The Screen as the Space for Utopia: From Metropolis to Mars, Changing at Gorky Park. A Lecture by Vsevolod Korshunov

Date

Schedule

19:30–21:00

Place

West Gallery

DESCRIPTION

The lecture explores cinema’s ability to transform the real world and generate new non-existent spaces.

Cinema’s ability to present reality as it is has always remained questionable. The frame, perspective, and editing all contribute to the making of a new version or interpretation of the real world.

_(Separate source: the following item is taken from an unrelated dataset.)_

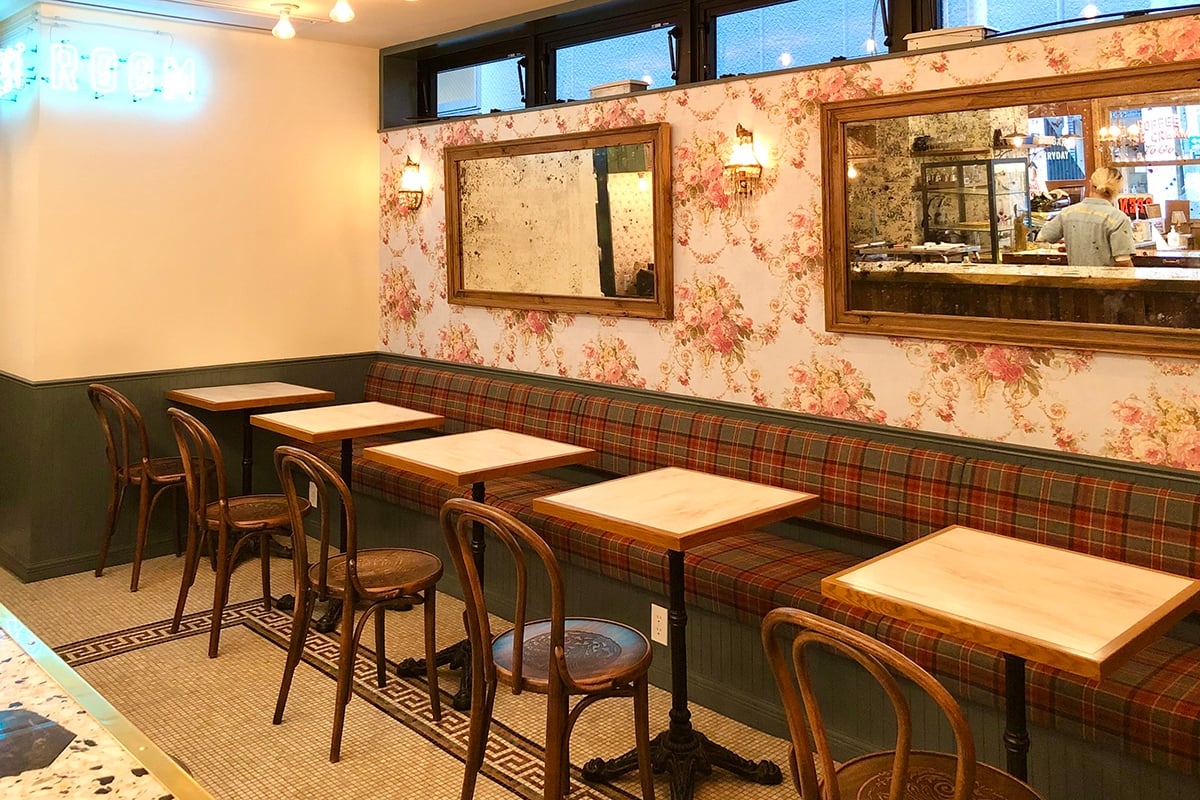 The Little BAKERY Tokyo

Lev Kuleshov on his cutting table constructed a "created surface of the Earth"; Sergei Eisenstein split the world into frame atoms and reassembled them into new worlds like a demiurge; Fritz Lang converted the expressionist “externalization” into an objectivist chronotope of the future. Whether real or built for the film set, works of architecture have come to be seen as utopian metaphors of harmony, order, control and hierarchy.

ABOUT THE LECTURER

Vsevolod Korshunov is a screenwriter, editor, and film scholar. He is a doctoral candidate of art history and the head of the documentary film department at Rossiya — Kultura TV channel. He teaches at Gerasimov Institute of Cinematography (VGIK) and has developed the courses "The History of Film" and "Contemporary Film" for Moscow Film School.